Supplied records section start

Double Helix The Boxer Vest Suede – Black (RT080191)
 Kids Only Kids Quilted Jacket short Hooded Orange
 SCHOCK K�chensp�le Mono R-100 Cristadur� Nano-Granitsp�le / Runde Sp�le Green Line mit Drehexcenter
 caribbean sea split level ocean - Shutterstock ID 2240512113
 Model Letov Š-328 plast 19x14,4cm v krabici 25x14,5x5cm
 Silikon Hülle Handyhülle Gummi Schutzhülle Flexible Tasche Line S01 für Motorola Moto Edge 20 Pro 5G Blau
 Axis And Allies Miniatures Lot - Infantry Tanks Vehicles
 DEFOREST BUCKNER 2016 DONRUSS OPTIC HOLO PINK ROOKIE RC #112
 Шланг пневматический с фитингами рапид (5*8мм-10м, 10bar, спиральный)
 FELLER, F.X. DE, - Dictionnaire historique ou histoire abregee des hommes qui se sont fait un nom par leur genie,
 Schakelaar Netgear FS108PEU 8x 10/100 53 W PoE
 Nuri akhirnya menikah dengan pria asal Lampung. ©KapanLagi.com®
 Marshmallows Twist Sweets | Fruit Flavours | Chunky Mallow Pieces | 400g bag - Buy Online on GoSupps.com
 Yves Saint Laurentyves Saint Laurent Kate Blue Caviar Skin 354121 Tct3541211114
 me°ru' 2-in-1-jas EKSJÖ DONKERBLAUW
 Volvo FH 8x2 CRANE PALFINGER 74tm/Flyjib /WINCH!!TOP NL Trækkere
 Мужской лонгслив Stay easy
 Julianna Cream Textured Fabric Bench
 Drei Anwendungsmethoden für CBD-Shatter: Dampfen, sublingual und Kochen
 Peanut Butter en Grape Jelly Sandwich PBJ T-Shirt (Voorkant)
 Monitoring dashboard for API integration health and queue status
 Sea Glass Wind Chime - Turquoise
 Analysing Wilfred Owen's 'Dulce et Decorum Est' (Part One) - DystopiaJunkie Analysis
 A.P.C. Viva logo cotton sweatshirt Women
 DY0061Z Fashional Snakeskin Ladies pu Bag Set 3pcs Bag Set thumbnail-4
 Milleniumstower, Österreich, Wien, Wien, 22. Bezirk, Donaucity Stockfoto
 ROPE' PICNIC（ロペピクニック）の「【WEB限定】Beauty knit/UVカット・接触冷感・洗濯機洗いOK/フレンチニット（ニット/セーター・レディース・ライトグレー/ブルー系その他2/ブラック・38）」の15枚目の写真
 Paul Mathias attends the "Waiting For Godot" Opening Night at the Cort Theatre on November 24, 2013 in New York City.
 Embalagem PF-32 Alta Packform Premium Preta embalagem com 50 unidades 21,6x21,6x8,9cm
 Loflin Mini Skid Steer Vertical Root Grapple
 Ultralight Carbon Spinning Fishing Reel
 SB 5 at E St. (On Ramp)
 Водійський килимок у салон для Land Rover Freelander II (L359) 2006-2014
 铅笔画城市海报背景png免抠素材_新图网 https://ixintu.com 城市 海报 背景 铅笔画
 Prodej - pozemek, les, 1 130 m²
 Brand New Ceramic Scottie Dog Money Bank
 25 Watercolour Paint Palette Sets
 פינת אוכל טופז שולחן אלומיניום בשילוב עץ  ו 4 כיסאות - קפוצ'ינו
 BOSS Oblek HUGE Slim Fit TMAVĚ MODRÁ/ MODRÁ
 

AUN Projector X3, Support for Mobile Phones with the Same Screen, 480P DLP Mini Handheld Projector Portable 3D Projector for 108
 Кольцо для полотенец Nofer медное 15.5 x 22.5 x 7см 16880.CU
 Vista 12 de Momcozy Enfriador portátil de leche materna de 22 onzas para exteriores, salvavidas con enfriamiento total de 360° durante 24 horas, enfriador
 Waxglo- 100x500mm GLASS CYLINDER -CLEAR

Supplied records section end

Task instructions. In the records above, find the line with "Embalagem PF-32 Alta"; write out exactly that line and each one after it, stopping after the line with "Кольцо для полотенец".

Solution.
 Embalagem PF-32 Alta Packform Premium Preta embalagem com 50 unidades 21,6x21,6x8,9cm
 Loflin Mini Skid Steer Vertical Root Grapple
 Ultralight Carbon Spinning Fishing Reel
 SB 5 at E St. (On Ramp)
 Водійський килимок у салон для Land Rover Freelander II (L359) 2006-2014
 铅笔画城市海报背景png免抠素材_新图网 https://ixintu.com 城市 海报 背景 铅笔画
 Prodej - pozemek, les, 1 130 m²
 Brand New Ceramic Scottie Dog Money Bank
 25 Watercolour Paint Palette Sets
 פינת אוכל טופז שולחן אלומיניום בשילוב עץ  ו 4 כיסאות - קפוצ'ינו
 BOSS Oblek HUGE Slim Fit TMAVĚ MODRÁ/ MODRÁ
 

AUN Projector X3, Support for Mobile Phones with the Same Screen, 480P DLP Mini Handheld Projector Portable 3D Projector for 108
 Кольцо для полотенец Nofer медное 15.5 x 22.5 x 7см 16880.CU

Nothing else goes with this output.